Problem to solve → In the entries below, find the line with "Andersen Einkaufstrolley Royal Shopper 52 l" and the line with "Plecak do samolotu"; reproduce those two lines and all lines between them exactly, without pictures.

....

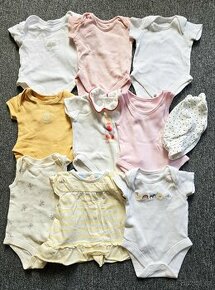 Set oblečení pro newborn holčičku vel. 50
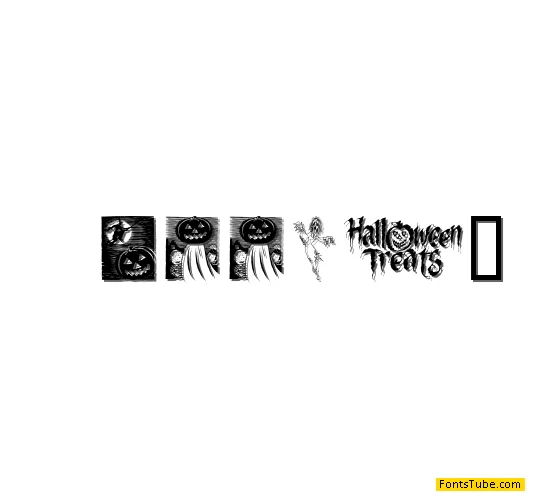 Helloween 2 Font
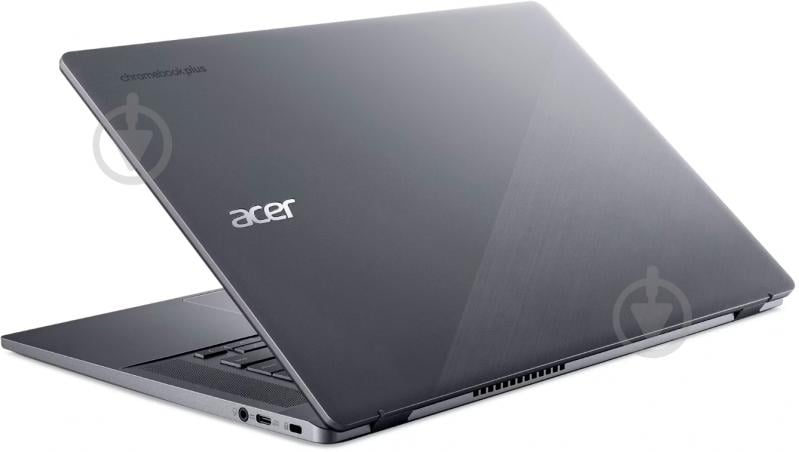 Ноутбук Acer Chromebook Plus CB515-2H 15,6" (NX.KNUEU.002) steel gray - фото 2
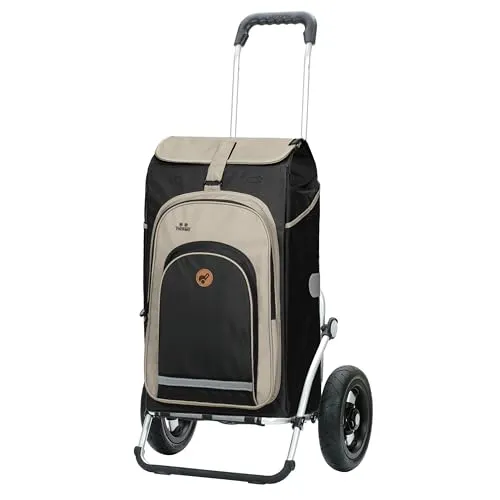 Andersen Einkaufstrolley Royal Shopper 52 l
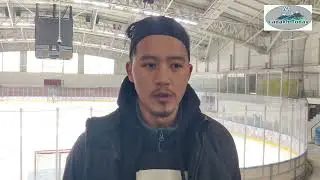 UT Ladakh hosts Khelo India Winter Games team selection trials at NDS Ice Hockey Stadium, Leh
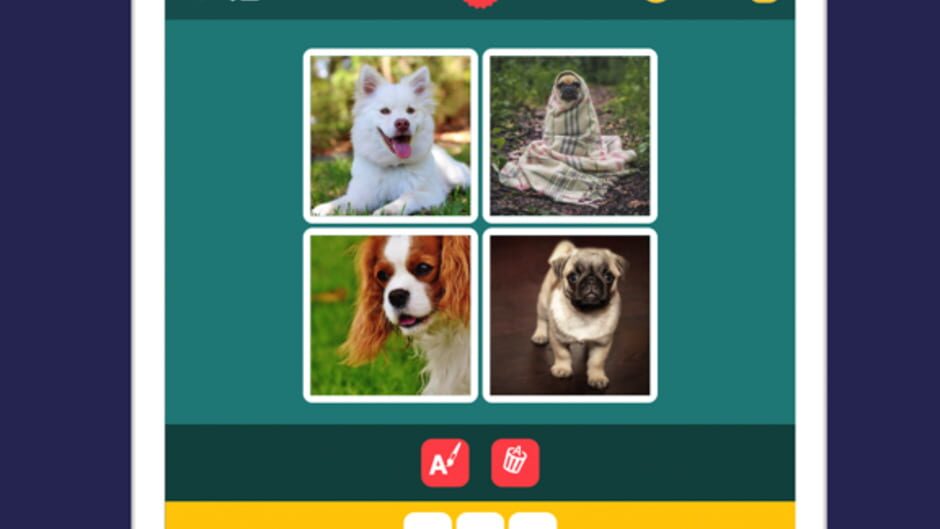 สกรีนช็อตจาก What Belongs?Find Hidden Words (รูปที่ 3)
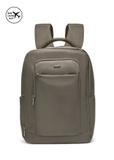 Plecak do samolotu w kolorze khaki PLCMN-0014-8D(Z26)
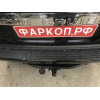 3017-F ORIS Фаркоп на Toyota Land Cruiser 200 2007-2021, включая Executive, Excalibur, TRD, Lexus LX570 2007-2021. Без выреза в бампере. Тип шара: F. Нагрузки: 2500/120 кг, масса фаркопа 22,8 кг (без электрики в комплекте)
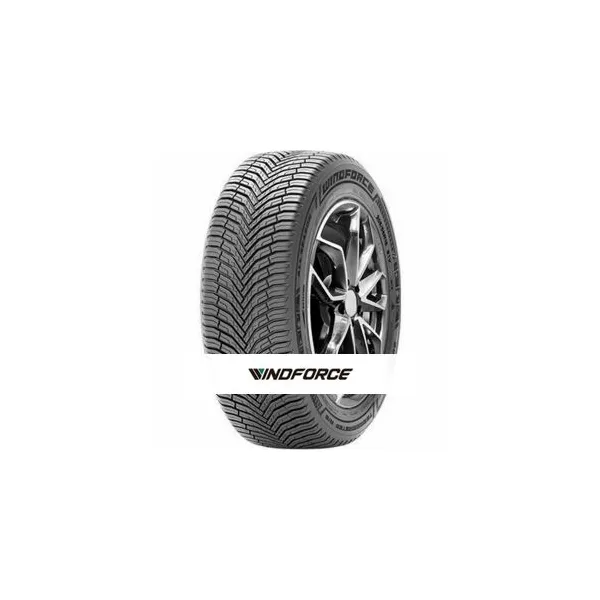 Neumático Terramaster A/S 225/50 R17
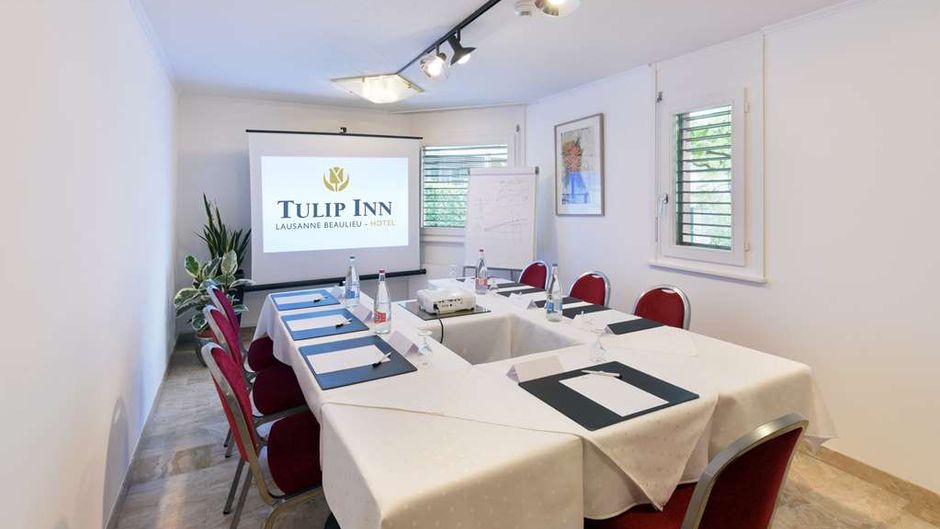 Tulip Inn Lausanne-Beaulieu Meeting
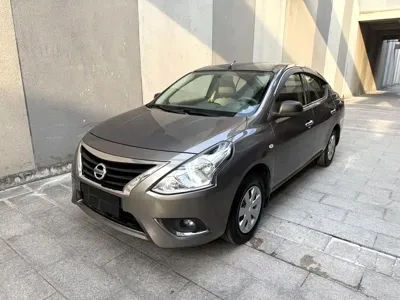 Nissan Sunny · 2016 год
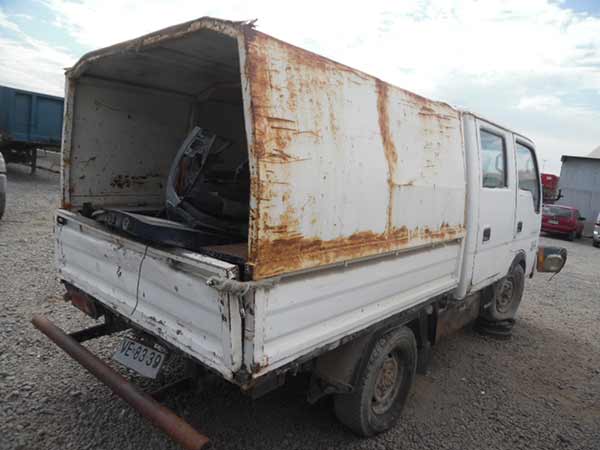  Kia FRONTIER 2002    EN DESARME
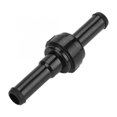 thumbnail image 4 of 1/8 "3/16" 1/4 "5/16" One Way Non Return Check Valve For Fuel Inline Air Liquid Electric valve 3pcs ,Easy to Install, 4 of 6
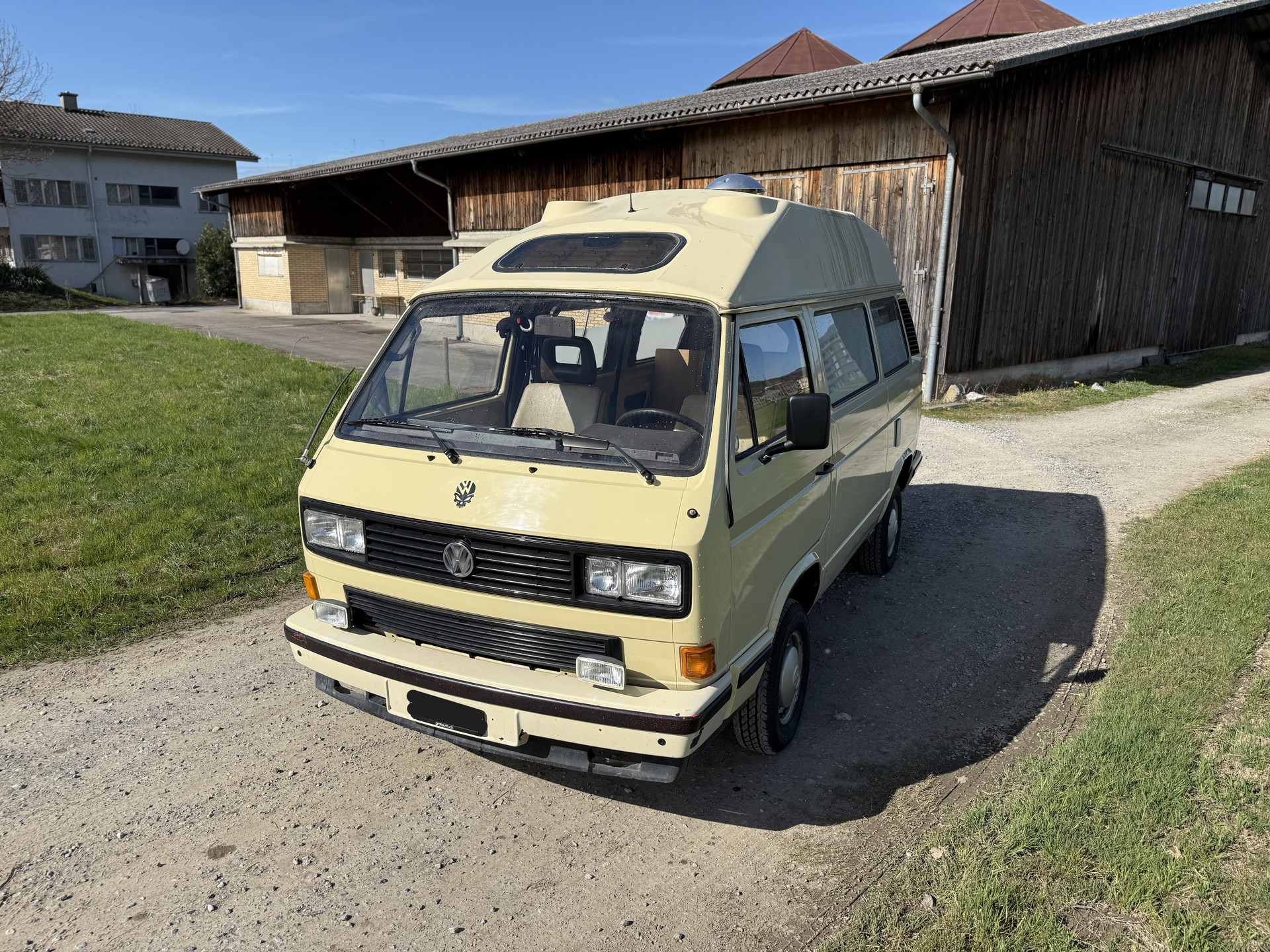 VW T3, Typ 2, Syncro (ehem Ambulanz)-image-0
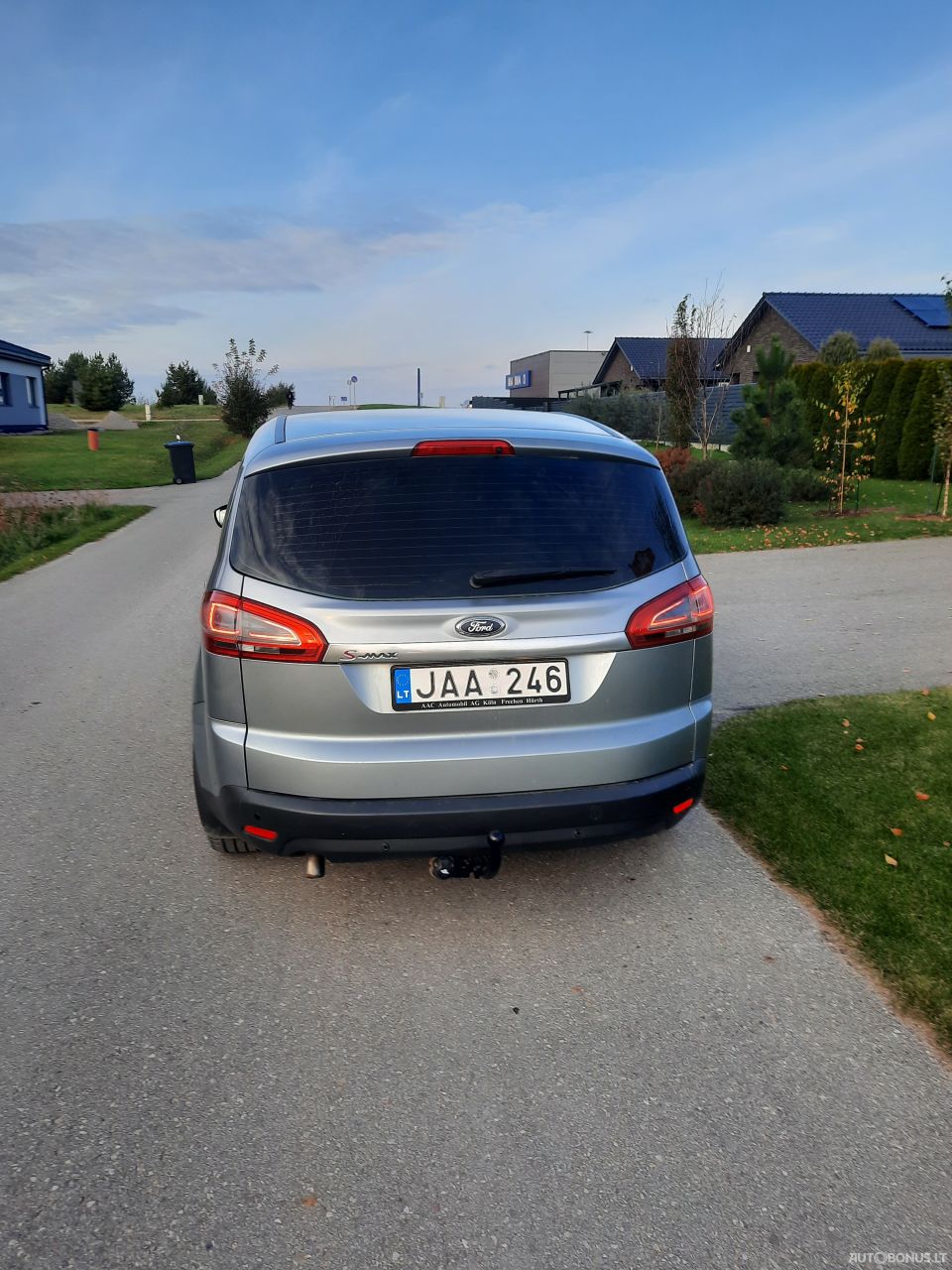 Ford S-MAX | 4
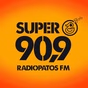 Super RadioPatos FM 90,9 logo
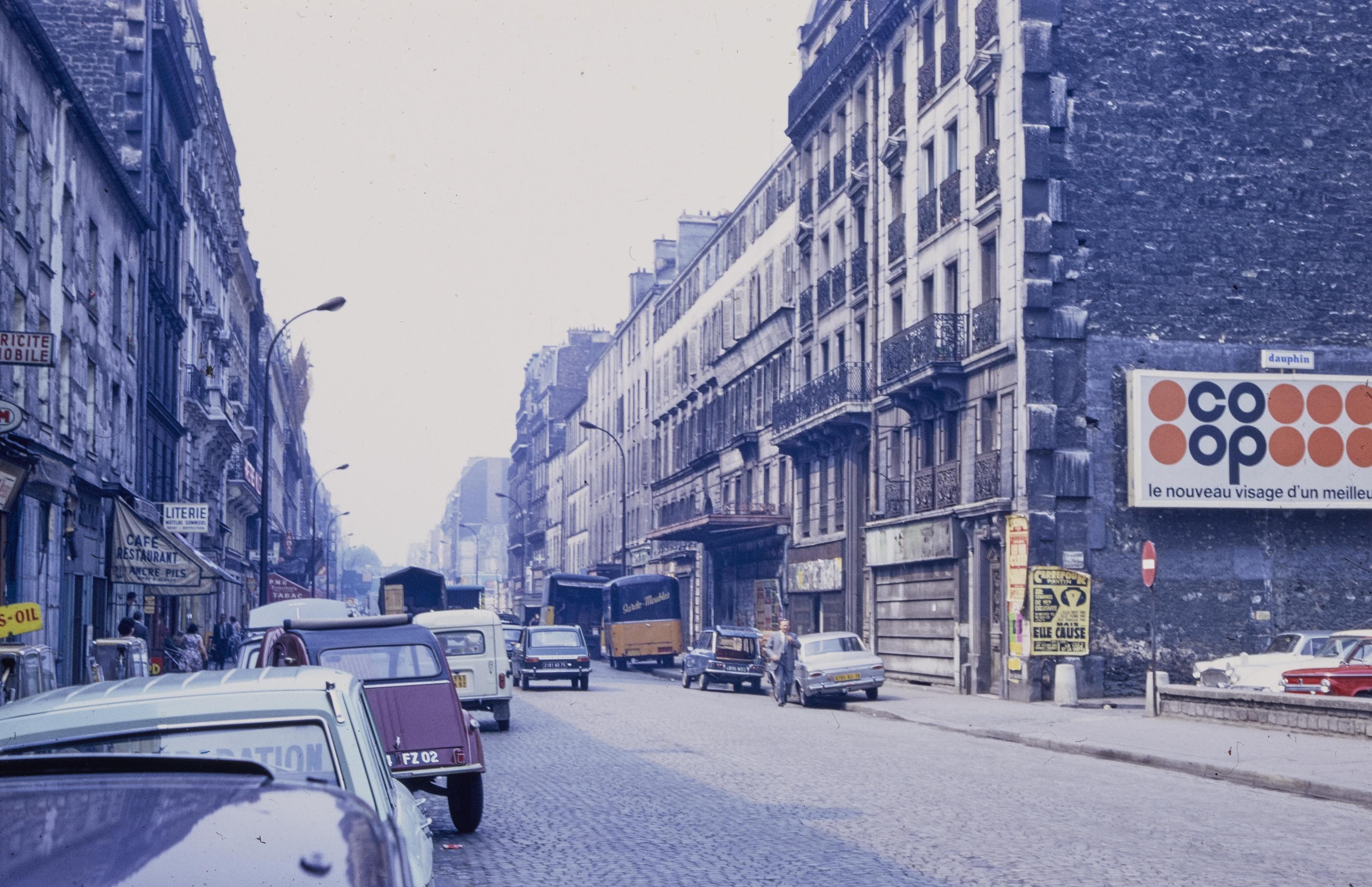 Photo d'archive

....

Reply →
 Andersen Einkaufstrolley Royal Shopper 52 l
 UT Ladakh hosts Khelo India Winter Games team selection trials at NDS Ice Hockey Stadium, Leh
 สกรีนช็อตจาก What Belongs?Find Hidden Words (รูปที่ 3)
 Plecak do samolotu w kolorze khaki PLCMN-0014-8D(Z26)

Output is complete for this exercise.